───── Task data

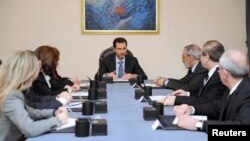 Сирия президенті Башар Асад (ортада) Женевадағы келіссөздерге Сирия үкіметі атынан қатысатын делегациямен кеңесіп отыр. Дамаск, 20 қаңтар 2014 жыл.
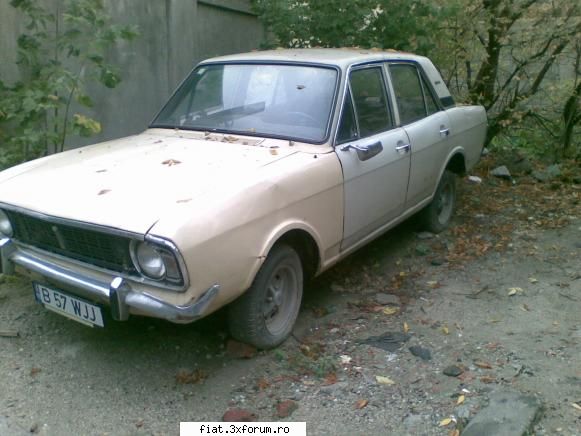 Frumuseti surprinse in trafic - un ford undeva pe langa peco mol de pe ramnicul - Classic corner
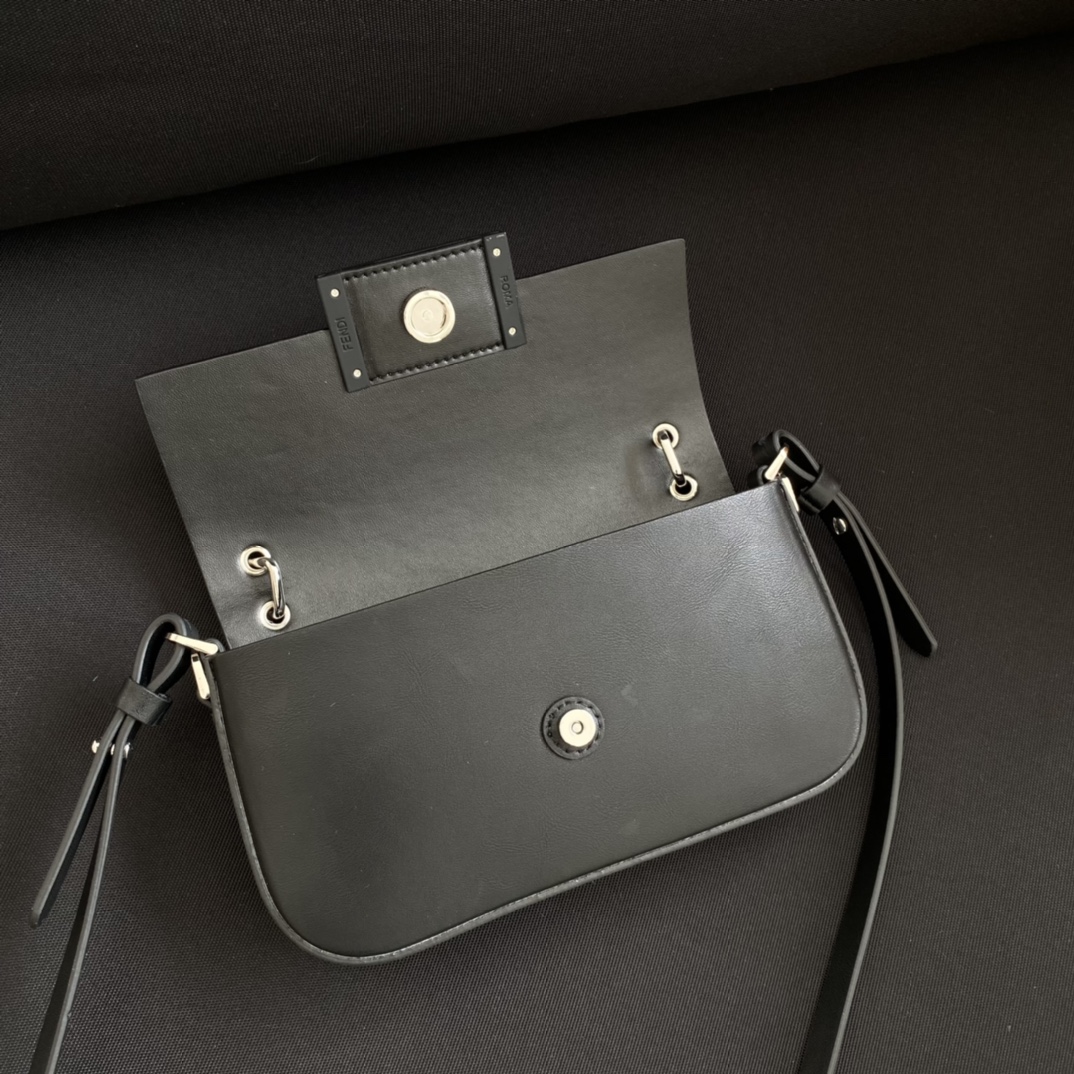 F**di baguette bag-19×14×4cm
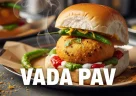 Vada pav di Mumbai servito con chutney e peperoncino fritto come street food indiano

──────────
───── Task data

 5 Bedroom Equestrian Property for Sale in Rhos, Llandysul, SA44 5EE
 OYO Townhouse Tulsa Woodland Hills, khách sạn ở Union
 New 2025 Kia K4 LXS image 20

──────────
───── Task data

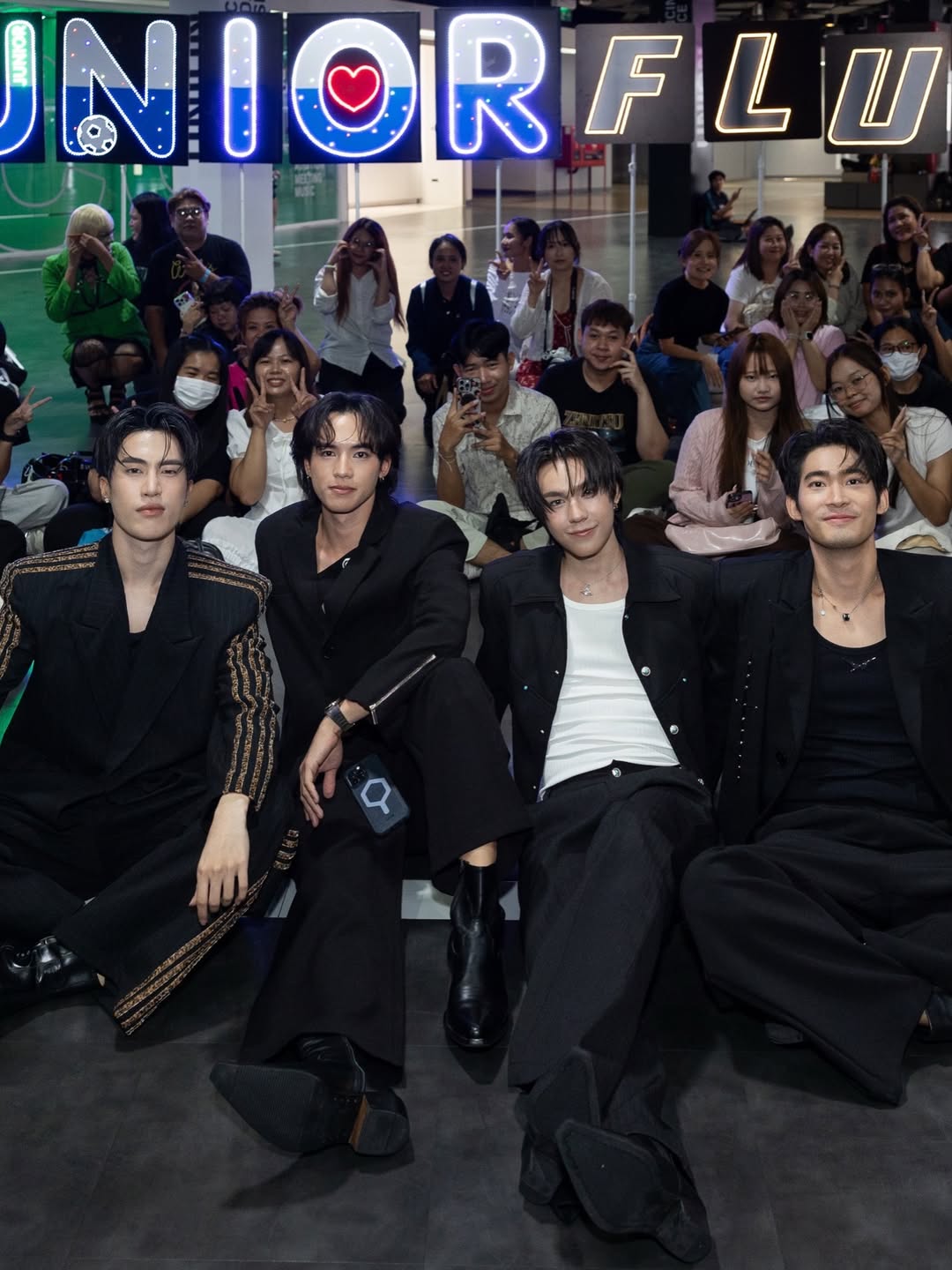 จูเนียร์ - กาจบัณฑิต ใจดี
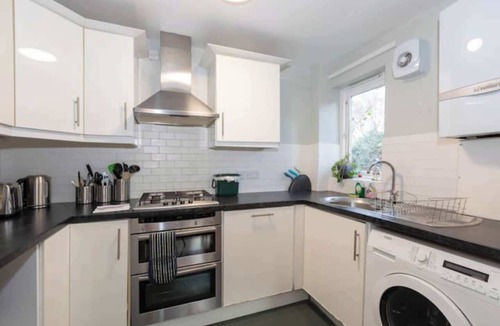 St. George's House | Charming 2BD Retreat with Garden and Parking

──────────

▶ Problem to solve:
Only the lines above from the one with "Frumuseti surprinse in" to the one with "Vada pav di" should be printed, both included and exactly as written; no picture belongs in the copy.

▶ Result of this task:
 Frumuseti surprinse in trafic - un ford undeva pe langa peco mol de pe ramnicul - Classic corner
 F**di baguette bag-19×14×4cm
 Vada pav di Mumbai servito con chutney e peperoncino fritto come street food indiano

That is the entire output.